__Exercise aim__
The lines from the one holding "ドミール・コンフォール親水公園302号室 内観" through the end of the records below are to be written out exactly, and nothing else; pictures are to be left out.

--------------------------------------------------

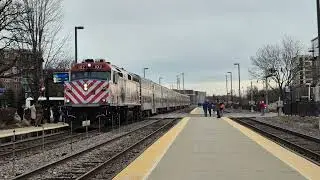 2025 Operation North Pole train at Des Plaines, with photo runbys and plenty of horn!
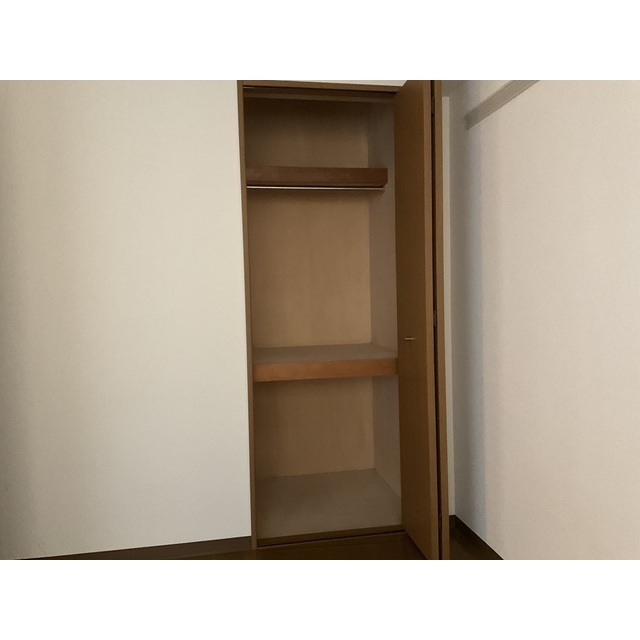 ドミール・コンフォール親水公園302号室 内観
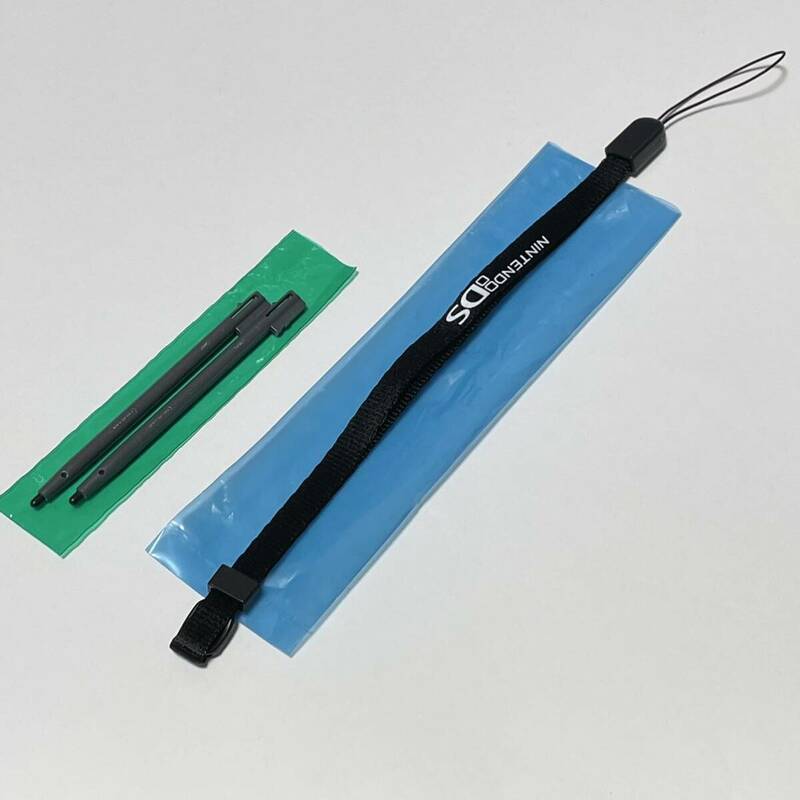 美品 純正品 ニンテンドーDS専用タッチストラップ(NTR-009) ＋ タッチペン(NTR-004) 2本 セット (初代DS/Nintendo/hand strap/stylus)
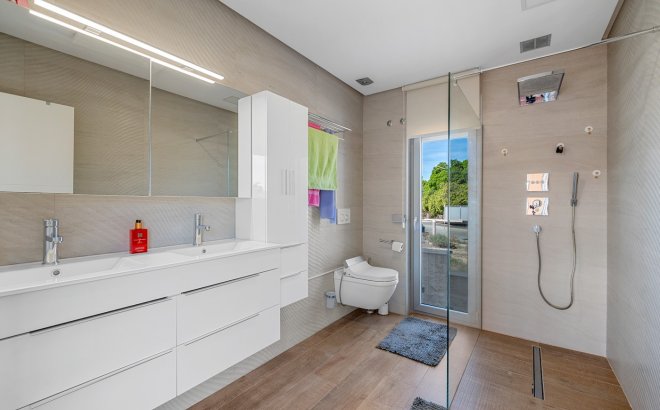 Resale - Villa -
Benijofar - Costa Blanca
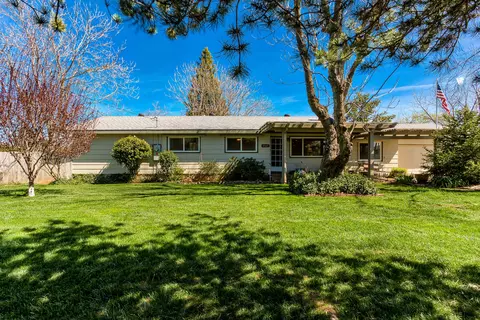 6567 Clear View Dr, Anderson, CA 96007 photo 1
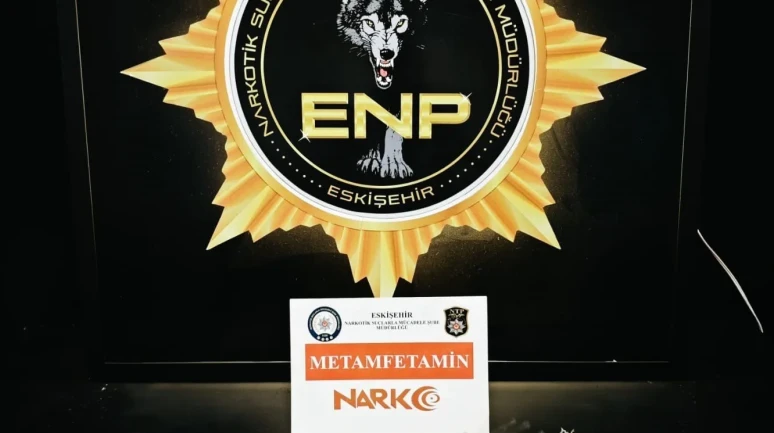 Eskişehir’de Mideye Gizlenen Madde Polisin Dikkatiyle Yakalandı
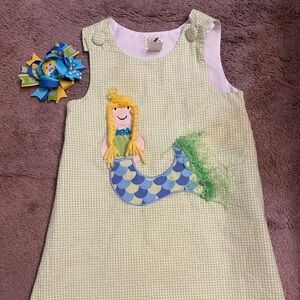 Cute size 4 potato sak dress with matching bow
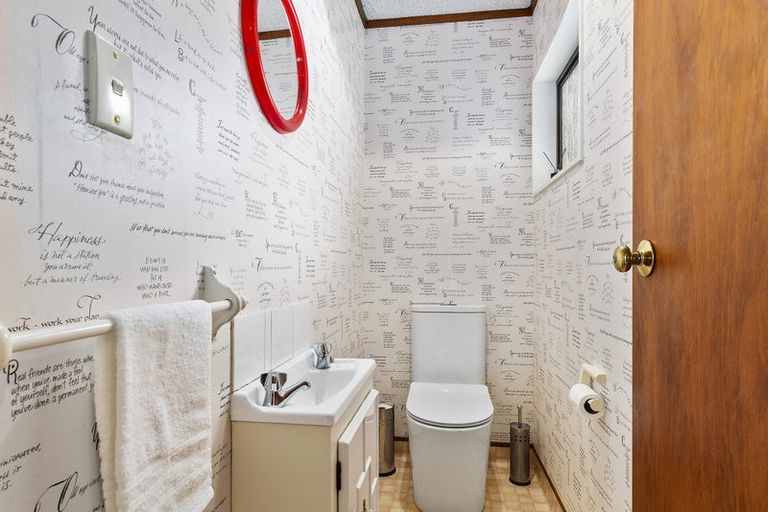 Photo of property in 64 Woodman Drive, Tawa, Wellington, 5028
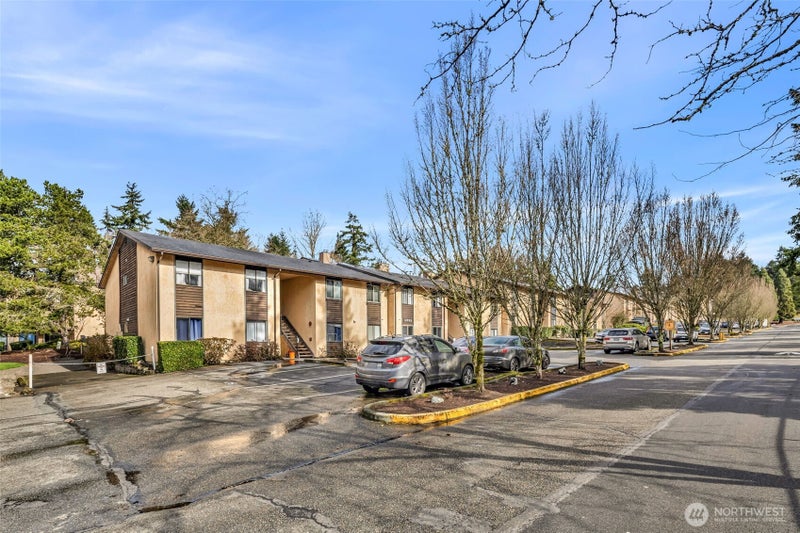 12520 NE 145th Terrace E33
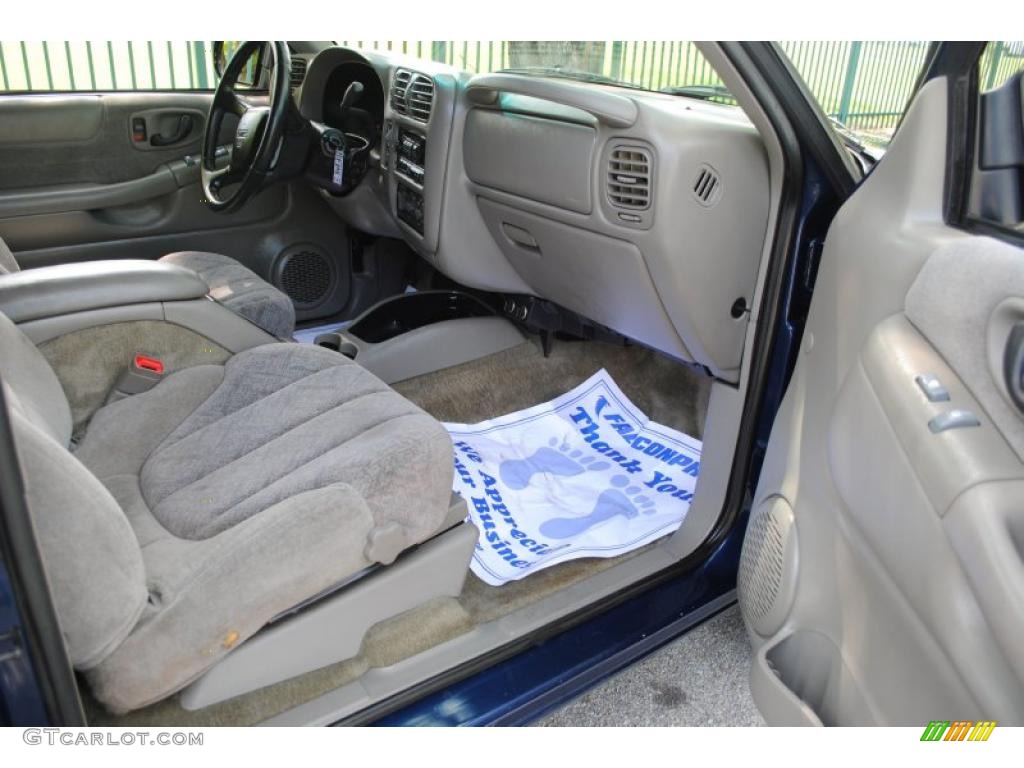 Pewter Interior 2000 GMC Jimmy SLS 4x4 Photo #49508916
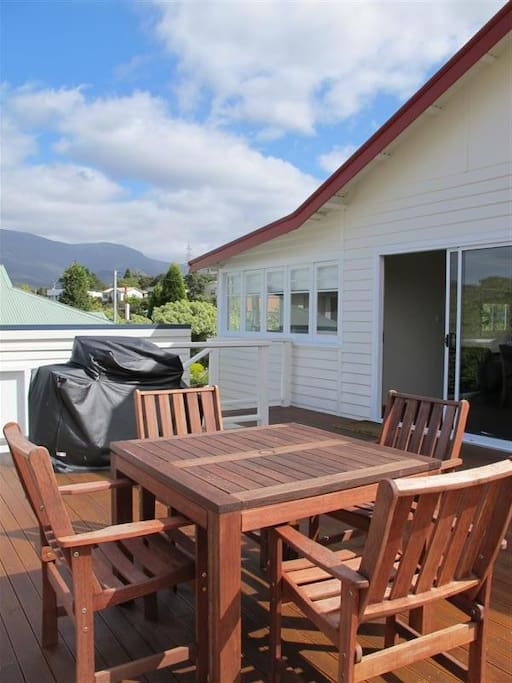 Outdoor setting with BBQ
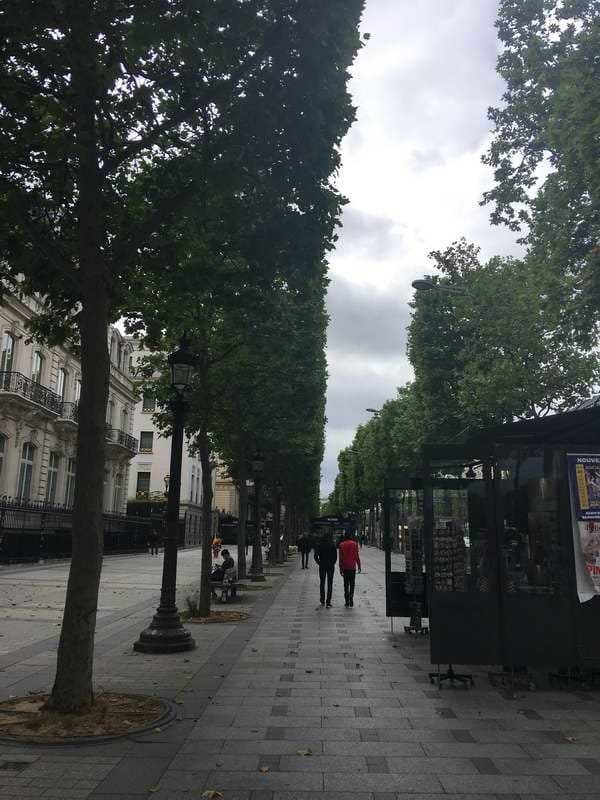 La avenida más turística de París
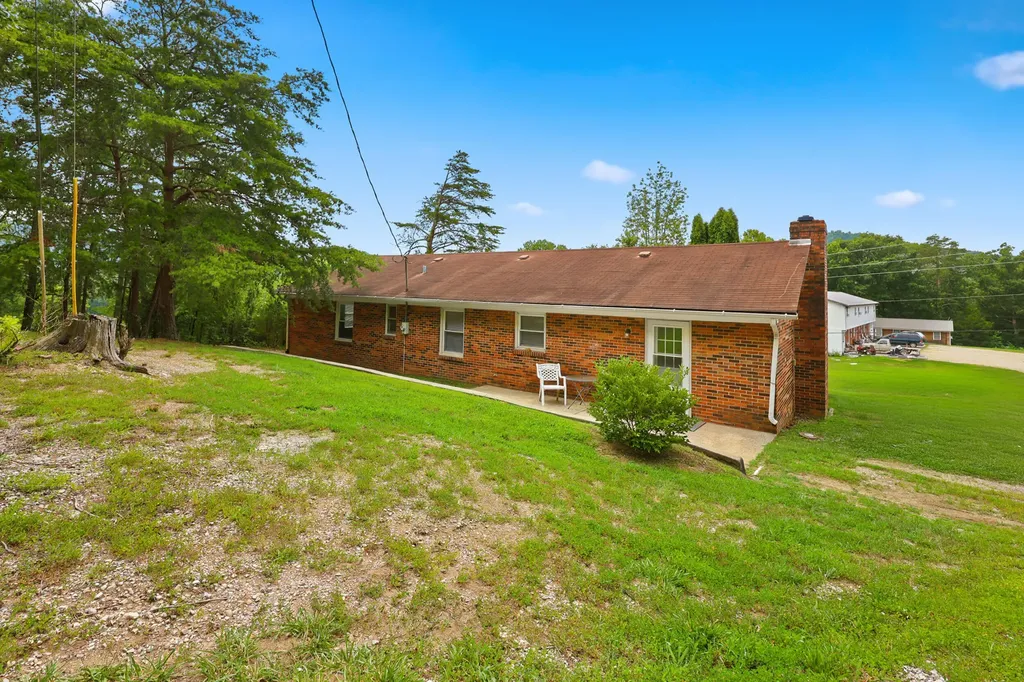 104 Crouch Lane Irvine KY 40336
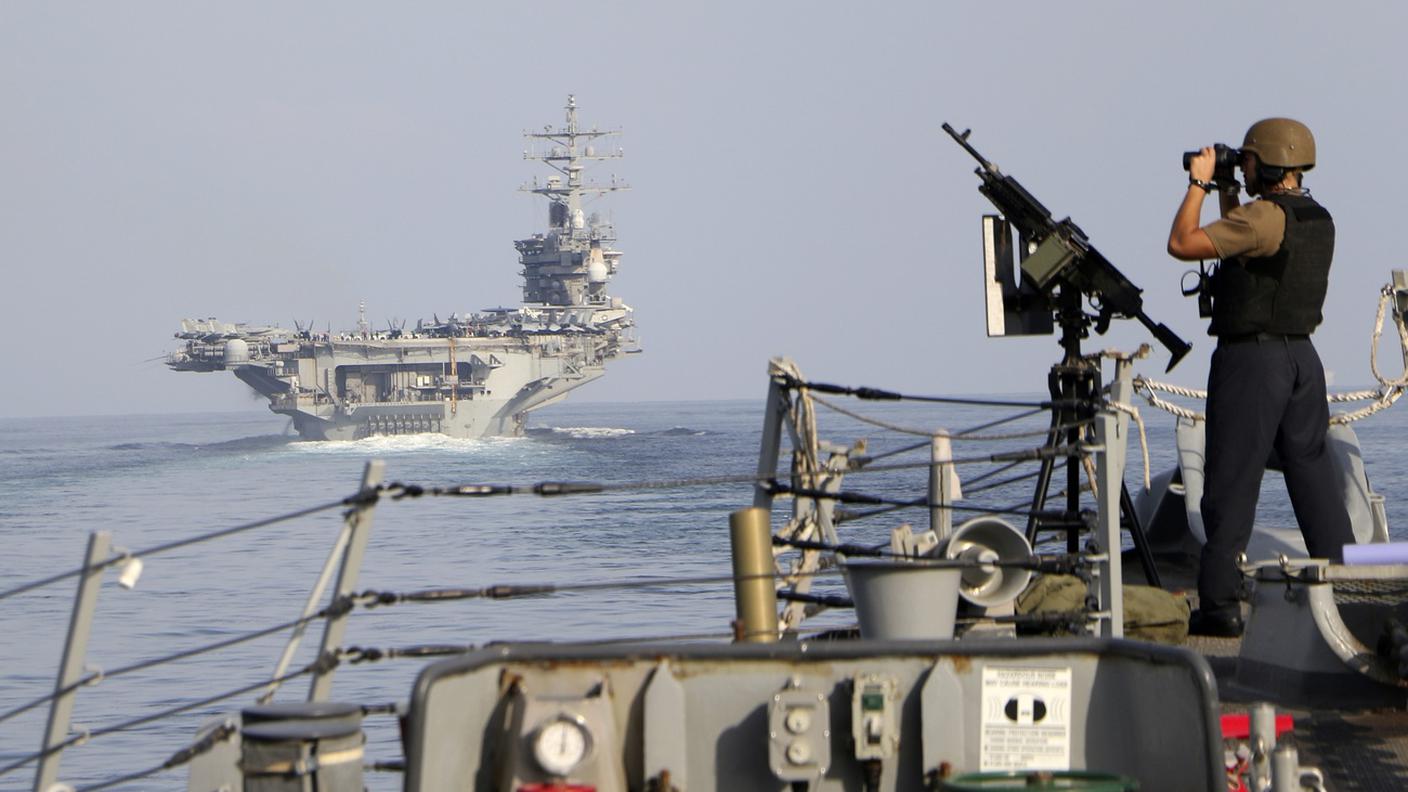 La Marina americana fungerà da scorta armata ai mercantili che devono attraversare lo Stretto di Hormuz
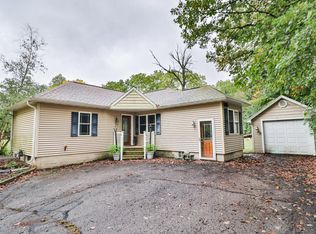 34829 Pabst Rd, Oconomowoc, WI 53066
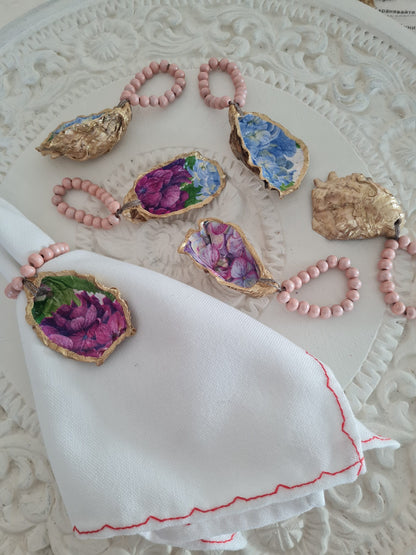 Servilletero artesanal de concha de ostión decorada con decoupage y cuentas de madera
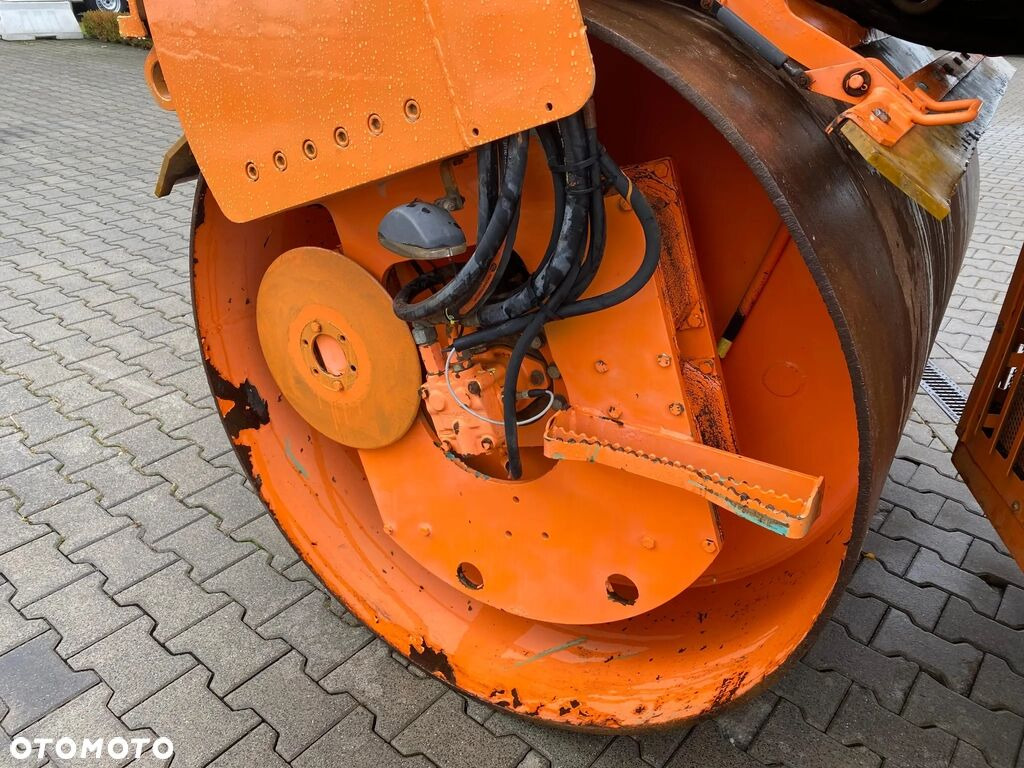 Apisonadora de asfalto Ammann AV95-2 / Vibrations / 1 Owner / NEW Service Ammann AV95-2 / Vibrations / 1 Owner / NEW Service: foto 14 Apisonadora de asfalto Ammann AV95-2 / Vibrations / 1 Owner / NEW Service Ammann AV95-2 / Vibrations / 1 Owner / NEW Service: foto 14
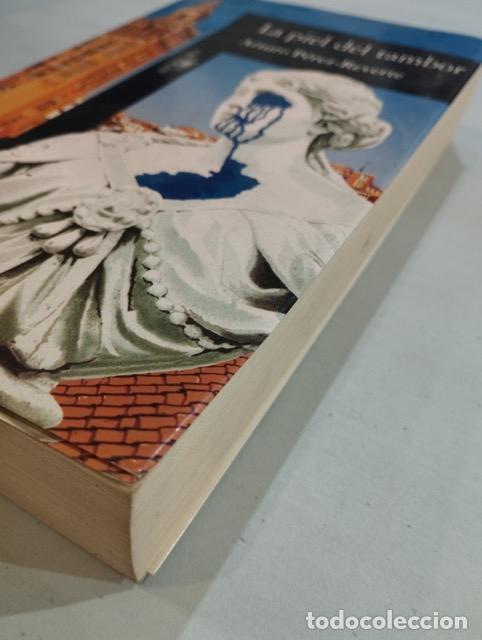 Libros: Arturo P&eacute;rez-Reverte - La piel del tambor - Foto 2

--------------------------------------------------

__Solved problem__
 ドミール・コンフォール親水公園302号室 内観
 美品 純正品 ニンテンドーDS専用タッチストラップ(NTR-009) ＋ タッチペン(NTR-004) 2本 セット (初代DS/Nintendo/hand strap/stylus)
 Resale - Villa -
Benijofar - Costa Blanca
 6567 Clear View Dr, Anderson, CA 96007 photo 1
 Eskişehir’de Mideye Gizlenen Madde Polisin Dikkatiyle Yakalandı
 Cute size 4 potato sak dress with matching bow
 Photo of property in 64 Woodman Drive, Tawa, Wellington, 5028
 12520 NE 145th Terrace E33
 Pewter Interior 2000 GMC Jimmy SLS 4x4 Photo #49508916
 Outdoor setting with BBQ
 La avenida más turística de París
 104 Crouch Lane Irvine KY 40336
 La Marina americana fungerà da scorta armata ai mercantili che devono attraversare lo Stretto di Hormuz
 34829 Pabst Rd, Oconomowoc, WI 53066
 Servilletero artesanal de concha de ostión decorada con decoupage y cuentas de madera
 Apisonadora de asfalto Ammann AV95-2 / Vibrations / 1 Owner / NEW Service Ammann AV95-2 / Vibrations / 1 Owner / NEW Service: foto 14 Apisonadora de asfalto Ammann AV95-2 / Vibrations / 1 Owner / NEW Service Ammann AV95-2 / Vibrations / 1 Owner / NEW Service: foto 14
 Libros: Arturo P&eacute;rez-Reverte - La piel del tambor - Foto 2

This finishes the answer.